What is required:
In full and word for word, print the data below.

◆ ◆ ◆

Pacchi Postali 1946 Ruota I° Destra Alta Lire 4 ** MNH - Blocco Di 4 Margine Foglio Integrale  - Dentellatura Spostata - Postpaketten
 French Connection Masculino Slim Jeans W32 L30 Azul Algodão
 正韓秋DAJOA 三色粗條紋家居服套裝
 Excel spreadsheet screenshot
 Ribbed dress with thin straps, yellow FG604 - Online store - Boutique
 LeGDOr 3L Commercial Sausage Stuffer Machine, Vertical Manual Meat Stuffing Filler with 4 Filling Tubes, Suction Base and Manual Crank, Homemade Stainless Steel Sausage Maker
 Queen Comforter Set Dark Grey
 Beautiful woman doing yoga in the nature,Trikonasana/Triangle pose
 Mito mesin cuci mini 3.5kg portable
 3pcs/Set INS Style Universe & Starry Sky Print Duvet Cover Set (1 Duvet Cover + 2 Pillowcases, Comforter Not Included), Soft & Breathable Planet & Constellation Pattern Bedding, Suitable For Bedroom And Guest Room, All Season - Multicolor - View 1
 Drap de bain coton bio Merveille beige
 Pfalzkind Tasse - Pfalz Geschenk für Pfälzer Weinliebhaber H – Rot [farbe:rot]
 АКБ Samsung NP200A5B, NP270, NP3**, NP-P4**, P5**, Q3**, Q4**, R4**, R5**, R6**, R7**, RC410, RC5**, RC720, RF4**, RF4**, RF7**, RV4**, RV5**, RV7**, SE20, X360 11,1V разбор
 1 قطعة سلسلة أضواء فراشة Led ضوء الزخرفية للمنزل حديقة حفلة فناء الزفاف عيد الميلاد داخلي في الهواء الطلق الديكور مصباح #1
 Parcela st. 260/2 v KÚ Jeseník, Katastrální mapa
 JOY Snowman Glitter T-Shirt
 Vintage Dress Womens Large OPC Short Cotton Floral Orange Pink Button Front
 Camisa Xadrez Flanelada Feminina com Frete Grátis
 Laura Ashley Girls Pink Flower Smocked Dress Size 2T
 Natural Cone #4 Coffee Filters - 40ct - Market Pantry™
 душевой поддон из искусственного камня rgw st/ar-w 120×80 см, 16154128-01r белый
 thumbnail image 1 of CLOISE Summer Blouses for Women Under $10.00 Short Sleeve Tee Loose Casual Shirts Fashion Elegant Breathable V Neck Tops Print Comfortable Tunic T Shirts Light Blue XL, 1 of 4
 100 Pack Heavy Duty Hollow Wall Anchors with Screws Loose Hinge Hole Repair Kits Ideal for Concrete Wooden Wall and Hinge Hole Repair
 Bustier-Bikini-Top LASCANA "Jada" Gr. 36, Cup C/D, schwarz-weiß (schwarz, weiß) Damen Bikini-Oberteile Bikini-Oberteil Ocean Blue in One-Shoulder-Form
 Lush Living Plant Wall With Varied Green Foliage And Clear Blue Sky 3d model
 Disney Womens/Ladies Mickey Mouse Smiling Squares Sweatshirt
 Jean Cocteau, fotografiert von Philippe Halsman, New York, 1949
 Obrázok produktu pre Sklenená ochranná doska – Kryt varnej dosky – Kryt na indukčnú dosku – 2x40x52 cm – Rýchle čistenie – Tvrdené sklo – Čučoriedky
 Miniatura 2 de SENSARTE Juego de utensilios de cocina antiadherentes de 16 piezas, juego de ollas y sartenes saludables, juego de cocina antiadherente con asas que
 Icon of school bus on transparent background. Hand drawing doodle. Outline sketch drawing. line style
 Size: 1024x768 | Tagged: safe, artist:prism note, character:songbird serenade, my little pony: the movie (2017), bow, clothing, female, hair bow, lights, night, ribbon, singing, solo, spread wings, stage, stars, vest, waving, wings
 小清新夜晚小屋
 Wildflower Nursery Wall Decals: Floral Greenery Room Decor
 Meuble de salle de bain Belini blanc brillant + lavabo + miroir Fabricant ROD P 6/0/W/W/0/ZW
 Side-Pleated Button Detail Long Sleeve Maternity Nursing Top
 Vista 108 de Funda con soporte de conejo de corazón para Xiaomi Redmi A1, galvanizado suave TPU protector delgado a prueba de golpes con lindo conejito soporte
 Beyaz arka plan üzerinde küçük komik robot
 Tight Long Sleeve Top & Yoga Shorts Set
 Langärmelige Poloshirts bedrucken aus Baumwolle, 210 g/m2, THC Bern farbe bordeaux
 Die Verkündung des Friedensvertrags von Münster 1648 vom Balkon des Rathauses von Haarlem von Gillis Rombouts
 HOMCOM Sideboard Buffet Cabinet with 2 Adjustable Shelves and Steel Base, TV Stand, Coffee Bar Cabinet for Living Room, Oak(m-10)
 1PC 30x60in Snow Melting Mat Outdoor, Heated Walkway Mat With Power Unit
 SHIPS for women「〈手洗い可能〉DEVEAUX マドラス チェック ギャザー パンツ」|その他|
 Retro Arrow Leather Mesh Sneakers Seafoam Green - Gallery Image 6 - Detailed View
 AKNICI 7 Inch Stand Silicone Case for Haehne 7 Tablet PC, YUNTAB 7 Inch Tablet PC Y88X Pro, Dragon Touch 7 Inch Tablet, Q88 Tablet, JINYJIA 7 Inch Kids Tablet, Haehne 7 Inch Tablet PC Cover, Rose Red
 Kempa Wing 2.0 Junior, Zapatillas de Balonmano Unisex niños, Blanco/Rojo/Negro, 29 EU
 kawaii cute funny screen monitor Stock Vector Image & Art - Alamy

◆ ◆ ◆

Task solution:
Pacchi Postali 1946 Ruota I° Destra Alta Lire 4 ** MNH - Blocco Di 4 Margine Foglio Integrale  - Dentellatura Spostata - Postpaketten
 French Connection Masculino Slim Jeans W32 L30 Azul Algodão
 正韓秋DAJOA 三色粗條紋家居服套裝
 Excel spreadsheet screenshot
 Ribbed dress with thin straps, yellow FG604 - Online store - Boutique
 LeGDOr 3L Commercial Sausage Stuffer Machine, Vertical Manual Meat Stuffing Filler with 4 Filling Tubes, Suction Base and Manual Crank, Homemade Stainless Steel Sausage Maker
 Queen Comforter Set Dark Grey
 Beautiful woman doing yoga in the nature,Trikonasana/Triangle pose
 Mito mesin cuci mini 3.5kg portable
 3pcs/Set INS Style Universe & Starry Sky Print Duvet Cover Set (1 Duvet Cover + 2 Pillowcases, Comforter Not Included), Soft & Breathable Planet & Constellation Pattern Bedding, Suitable For Bedroom And Guest Room, All Season - Multicolor - View 1
 Drap de bain coton bio Merveille beige
 Pfalzkind Tasse - Pfalz Geschenk für Pfälzer Weinliebhaber H – Rot [farbe:rot]
 АКБ Samsung NP200A5B, NP270, NP3**, NP-P4**, P5**, Q3**, Q4**, R4**, R5**, R6**, R7**, RC410, RC5**, RC720, RF4**, RF4**, RF7**, RV4**, RV5**, RV7**, SE20, X360 11,1V разбор
 1 قطعة سلسلة أضواء فراشة Led ضوء الزخرفية للمنزل حديقة حفلة فناء الزفاف عيد الميلاد داخلي في الهواء الطلق الديكور مصباح #1
 Parcela st. 260/2 v KÚ Jeseník, Katastrální mapa
 JOY Snowman Glitter T-Shirt
 Vintage Dress Womens Large OPC Short Cotton Floral Orange Pink Button Front
 Camisa Xadrez Flanelada Feminina com Frete Grátis
 Laura Ashley Girls Pink Flower Smocked Dress Size 2T
 Natural Cone #4 Coffee Filters - 40ct - Market Pantry™
 душевой поддон из искусственного камня rgw st/ar-w 120×80 см, 16154128-01r белый
 thumbnail image 1 of CLOISE Summer Blouses for Women Under $10.00 Short Sleeve Tee Loose Casual Shirts Fashion Elegant Breathable V Neck Tops Print Comfortable Tunic T Shirts Light Blue XL, 1 of 4
 100 Pack Heavy Duty Hollow Wall Anchors with Screws Loose Hinge Hole Repair Kits Ideal for Concrete Wooden Wall and Hinge Hole Repair
 Bustier-Bikini-Top LASCANA "Jada" Gr. 36, Cup C/D, schwarz-weiß (schwarz, weiß) Damen Bikini-Oberteile Bikini-Oberteil Ocean Blue in One-Shoulder-Form
 Lush Living Plant Wall With Varied Green Foliage And Clear Blue Sky 3d model
 Disney Womens/Ladies Mickey Mouse Smiling Squares Sweatshirt
 Jean Cocteau, fotografiert von Philippe Halsman, New York, 1949
 Obrázok produktu pre Sklenená ochranná doska – Kryt varnej dosky – Kryt na indukčnú dosku – 2x40x52 cm – Rýchle čistenie – Tvrdené sklo – Čučoriedky
 Miniatura 2 de SENSARTE Juego de utensilios de cocina antiadherentes de 16 piezas, juego de ollas y sartenes saludables, juego de cocina antiadherente con asas que
 Icon of school bus on transparent background. Hand drawing doodle. Outline sketch drawing. line style
 Size: 1024x768 | Tagged: safe, artist:prism note, character:songbird serenade, my little pony: the movie (2017), bow, clothing, female, hair bow, lights, night, ribbon, singing, solo, spread wings, stage, stars, vest, waving, wings
 小清新夜晚小屋
 Wildflower Nursery Wall Decals: Floral Greenery Room Decor
 Meuble de salle de bain Belini blanc brillant + lavabo + miroir Fabricant ROD P 6/0/W/W/0/ZW
 Side-Pleated Button Detail Long Sleeve Maternity Nursing Top
 Vista 108 de Funda con soporte de conejo de corazón para Xiaomi Redmi A1, galvanizado suave TPU protector delgado a prueba de golpes con lindo conejito soporte
 Beyaz arka plan üzerinde küçük komik robot
 Tight Long Sleeve Top & Yoga Shorts Set
 Langärmelige Poloshirts bedrucken aus Baumwolle, 210 g/m2, THC Bern farbe bordeaux
 Die Verkündung des Friedensvertrags von Münster 1648 vom Balkon des Rathauses von Haarlem von Gillis Rombouts
 HOMCOM Sideboard Buffet Cabinet with 2 Adjustable Shelves and Steel Base, TV Stand, Coffee Bar Cabinet for Living Room, Oak(m-10)
 1PC 30x60in Snow Melting Mat Outdoor, Heated Walkway Mat With Power Unit
 SHIPS for women「〈手洗い可能〉DEVEAUX マドラス チェック ギャザー パンツ」|その他|
 Retro Arrow Leather Mesh Sneakers Seafoam Green - Gallery Image 6 - Detailed View
 AKNICI 7 Inch Stand Silicone Case for Haehne 7 Tablet PC, YUNTAB 7 Inch Tablet PC Y88X Pro, Dragon Touch 7 Inch Tablet, Q88 Tablet, JINYJIA 7 Inch Kids Tablet, Haehne 7 Inch Tablet PC Cover, Rose Red
 Kempa Wing 2.0 Junior, Zapatillas de Balonmano Unisex niños, Blanco/Rojo/Negro, 29 EU
 kawaii cute funny screen monitor Stock Vector Image & Art - Alamy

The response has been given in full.